> HOW TO COMPLETE THIS TASK
Set down, exactly as written, the line containing "COLORS CANDELA VIOLET PESCA" and all the lines that follow it to the end of the entries below, omitting every picture.

___ DATA EXTRACTS ___

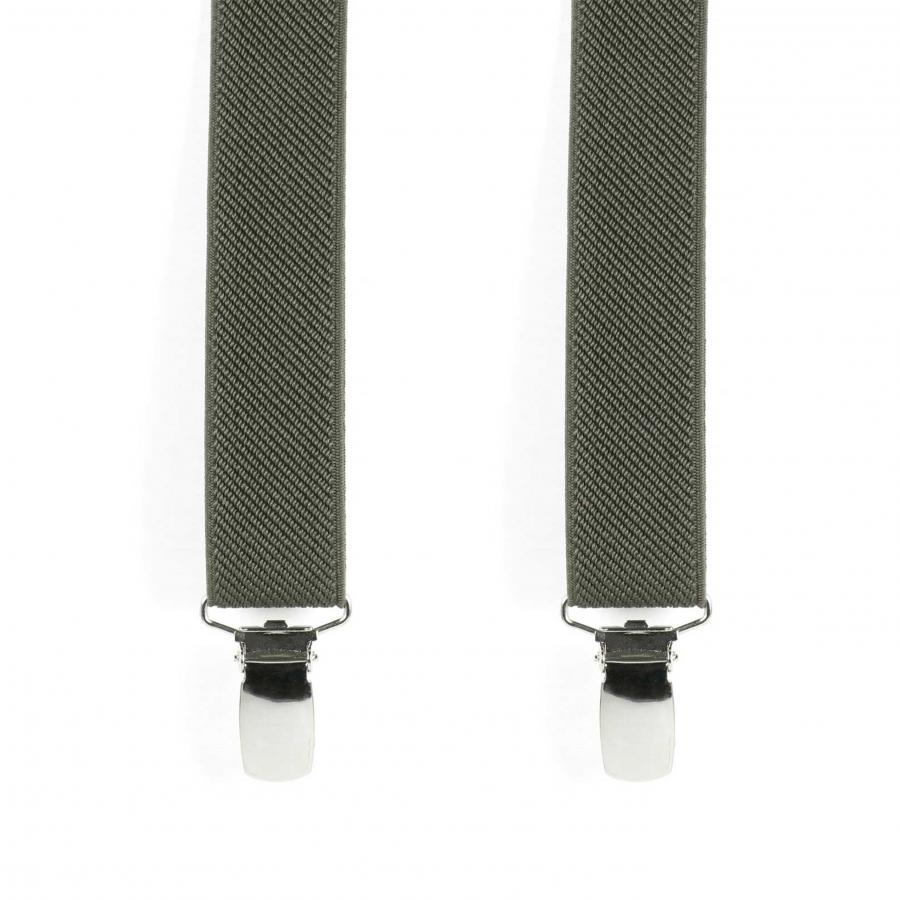 BICLIP Homme Unie marine 35mm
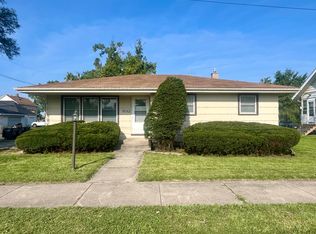 16142 Woodlawn West Ave, South Holland, IL 60473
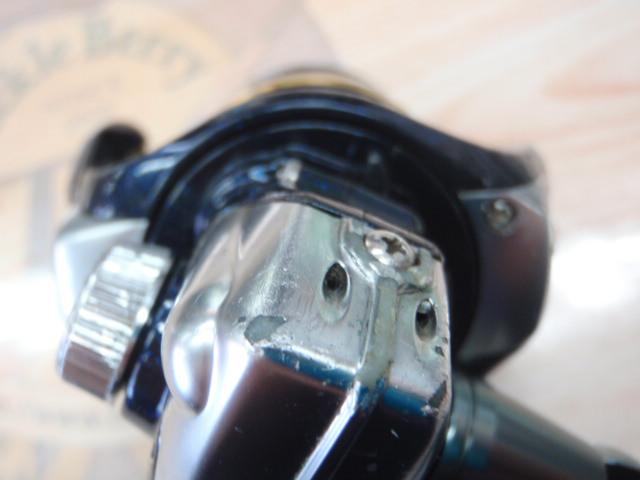 07アルテグラアドバンス 2000S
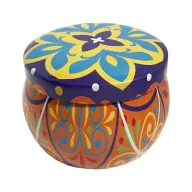 COLORS CANDELA VIOLET PESCA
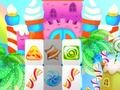 Mäng Candyland Mahjong Internetis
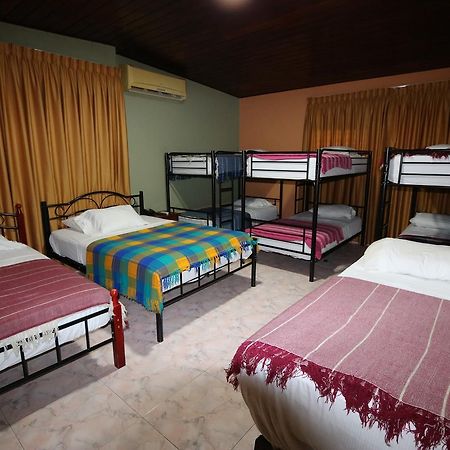 Hostal Cocos Inn Πόλη του Παναμά Εξωτερικό φωτογραφία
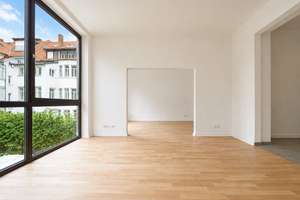 Erstbezug nach Sanierung - schöne 5-Zimmerwohnung im Zooviertel – Leisewitzstr. 22, 30175 Zoo, Hannover – Vorschaubild 7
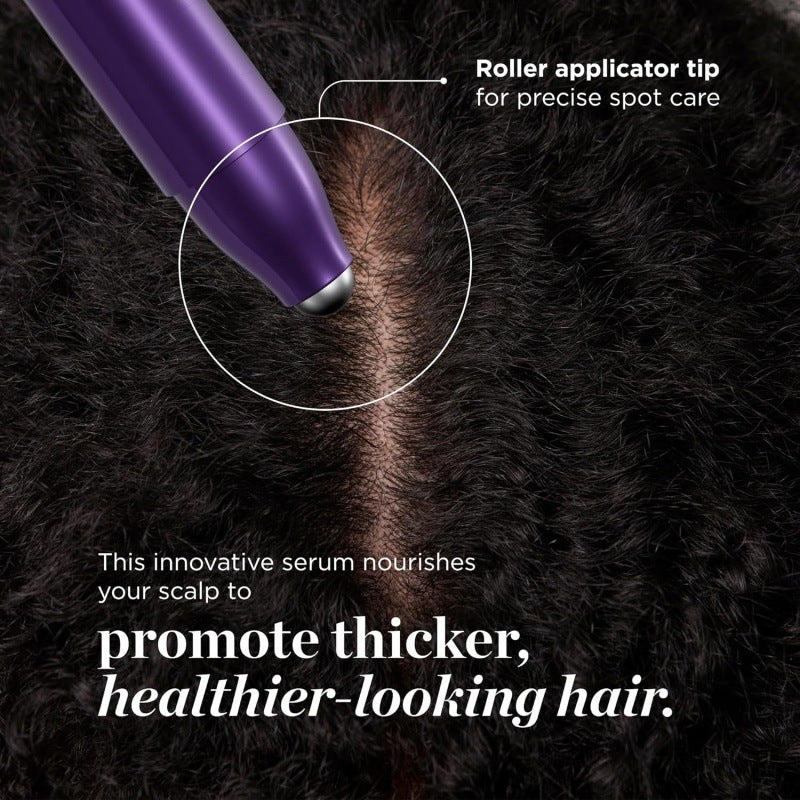 Hair Growth Serum Roll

___

> ANSWER BOX
 COLORS CANDELA VIOLET PESCA
 Mäng Candyland Mahjong Internetis
 Hostal Cocos Inn Πόλη του Παναμά Εξωτερικό φωτογραφία
 Erstbezug nach Sanierung - schöne 5-Zimmerwohnung im Zooviertel – Leisewitzstr. 22, 30175 Zoo, Hannover – Vorschaubild 7
 Hair Growth Serum Roll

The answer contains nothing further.